__Work task__:
Using the listing below, please print exactly the lines from the one with "Stainless Steel Anchor" through the one with "طقم خروج محجبات 4 قطعة حريمى كود 3044". Leave out every picture.

__Input records__:

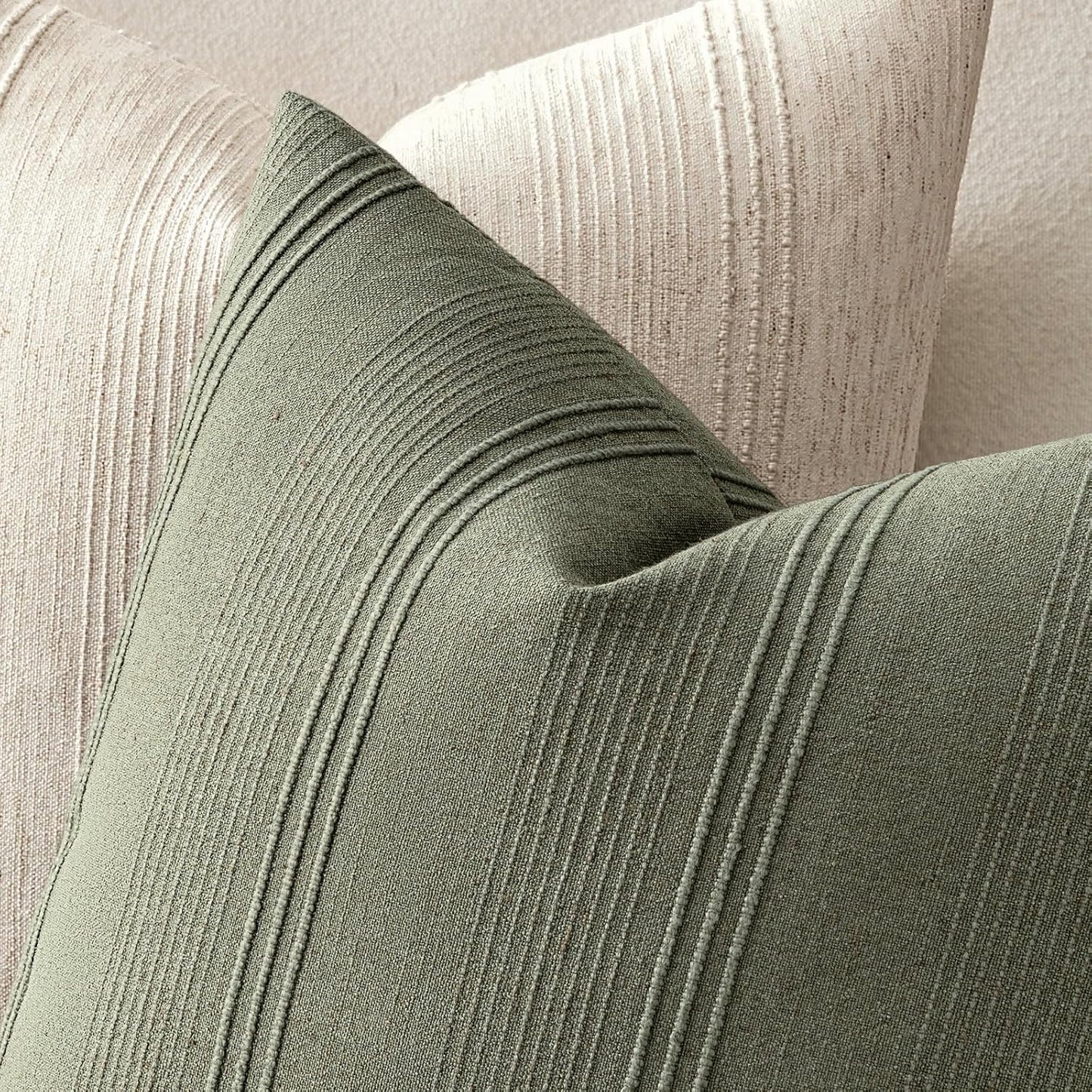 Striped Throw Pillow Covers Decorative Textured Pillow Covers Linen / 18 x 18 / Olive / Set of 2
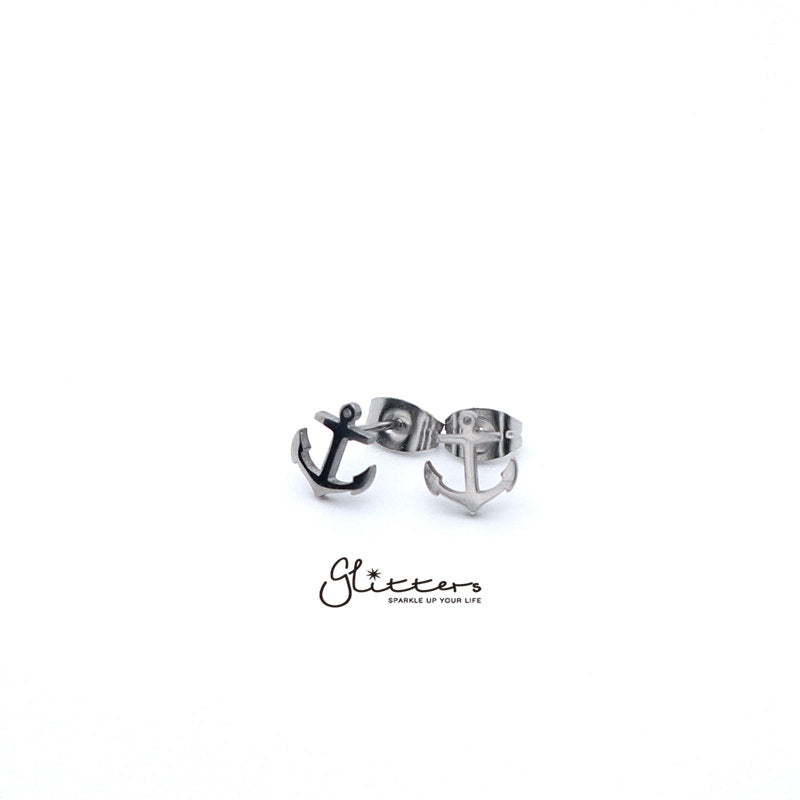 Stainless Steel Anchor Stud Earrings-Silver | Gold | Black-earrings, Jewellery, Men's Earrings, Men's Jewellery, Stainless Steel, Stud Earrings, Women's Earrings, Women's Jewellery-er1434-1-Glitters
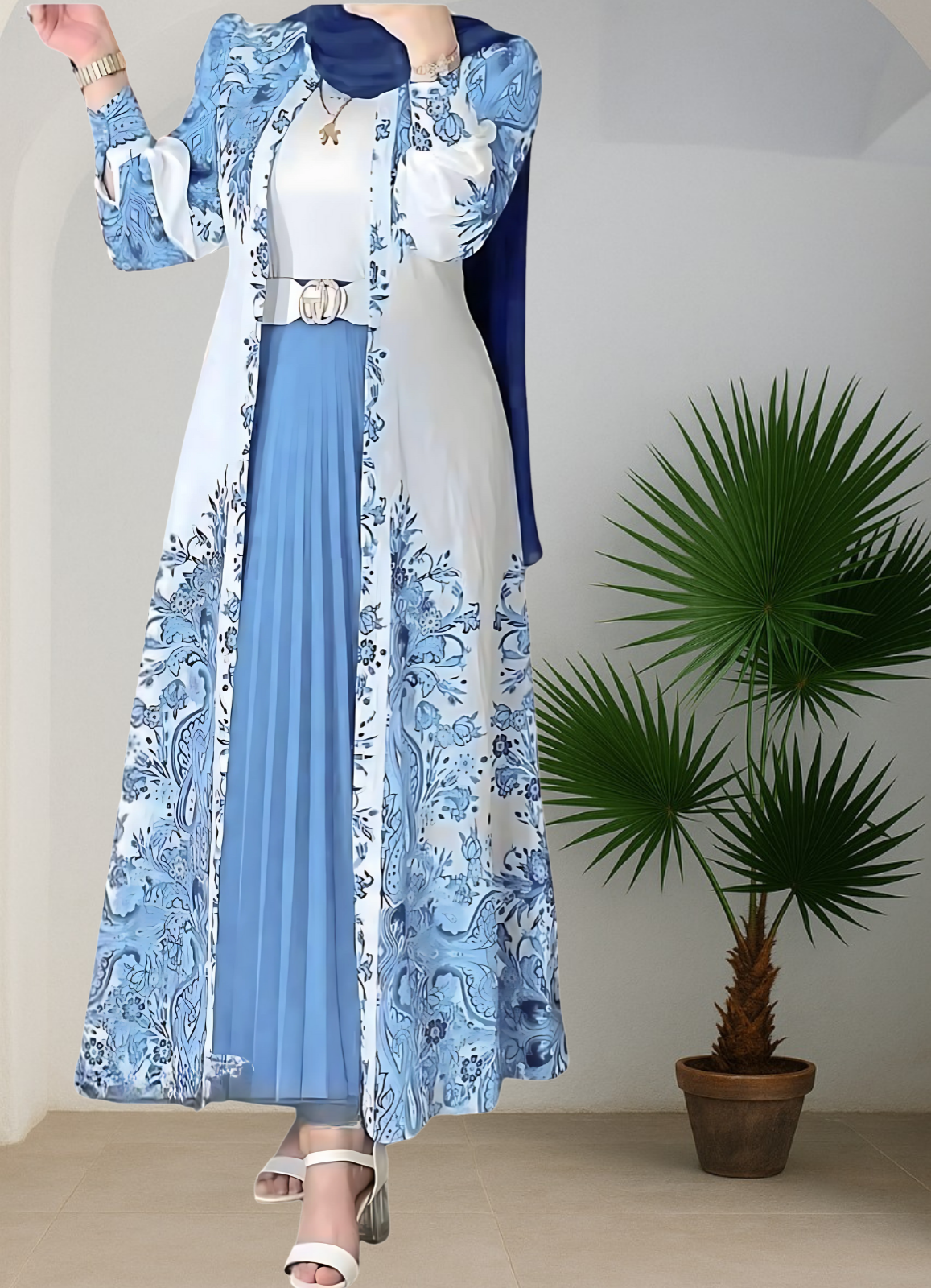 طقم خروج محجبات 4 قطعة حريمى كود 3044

* * *

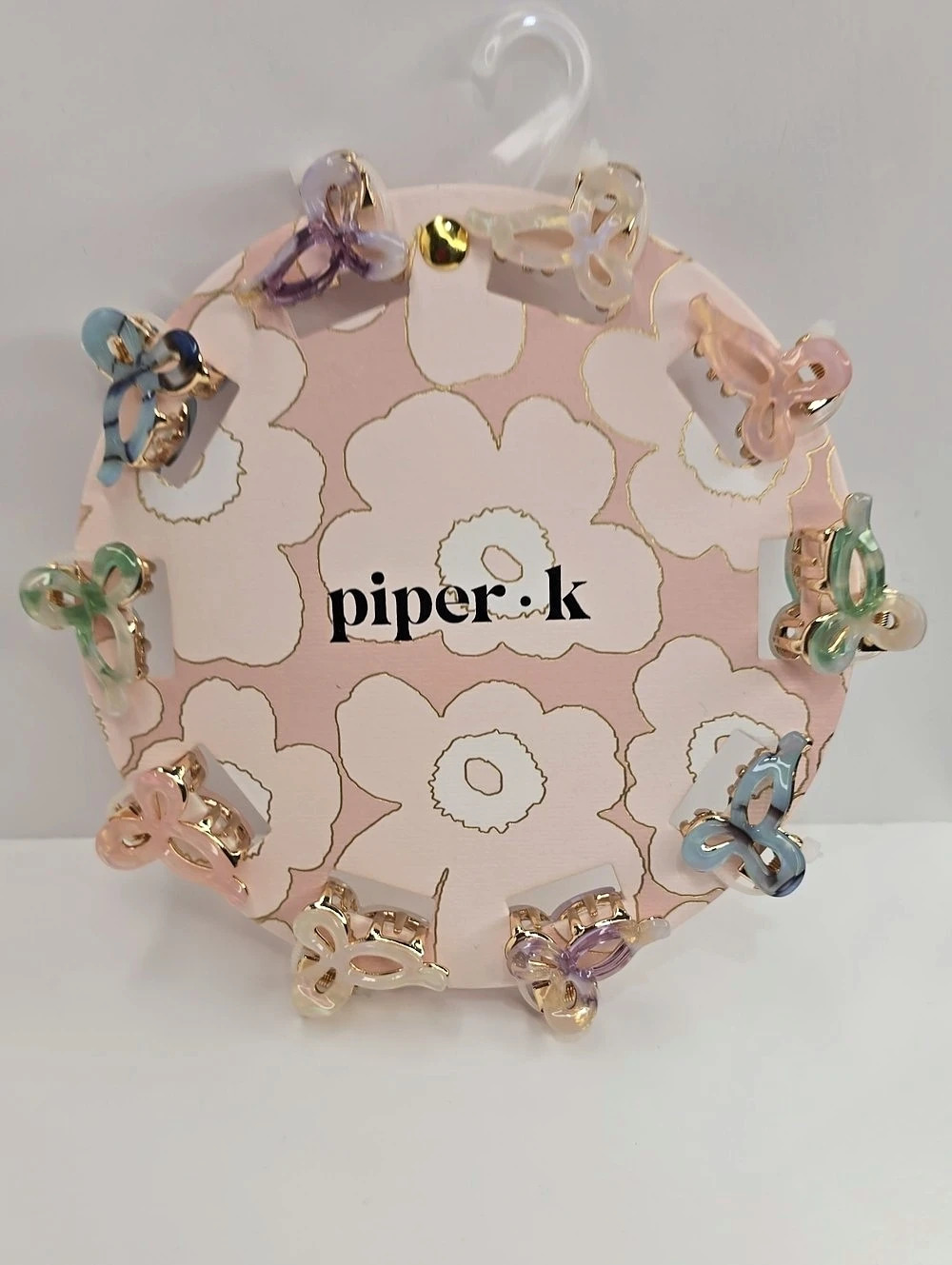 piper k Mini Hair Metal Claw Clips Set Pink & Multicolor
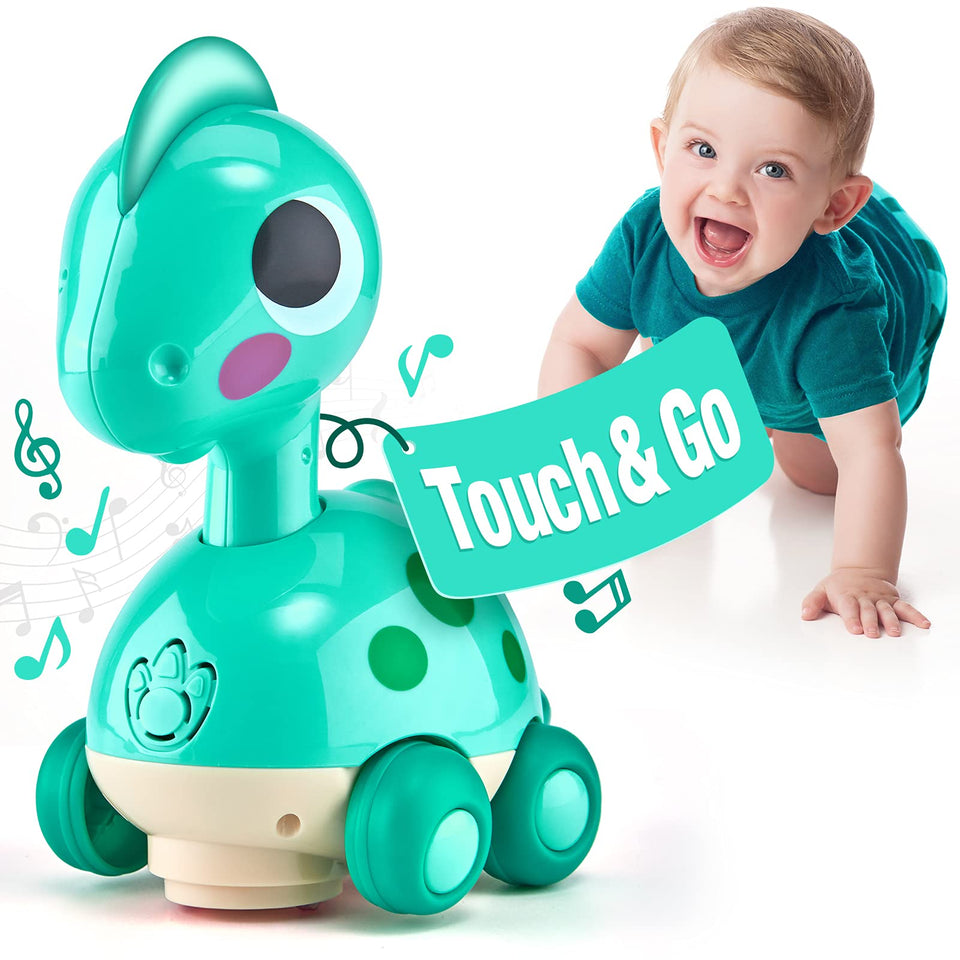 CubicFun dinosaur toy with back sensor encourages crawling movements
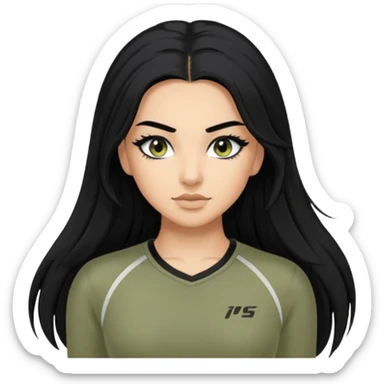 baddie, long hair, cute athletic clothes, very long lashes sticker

__Exercise solution__:
 Stainless Steel Anchor Stud Earrings-Silver | Gold | Black-earrings, Jewellery, Men's Earrings, Men's Jewellery, Stainless Steel, Stud Earrings, Women's Earrings, Women's Jewellery-er1434-1-Glitters
 طقم خروج محجبات 4 قطعة حريمى كود 3044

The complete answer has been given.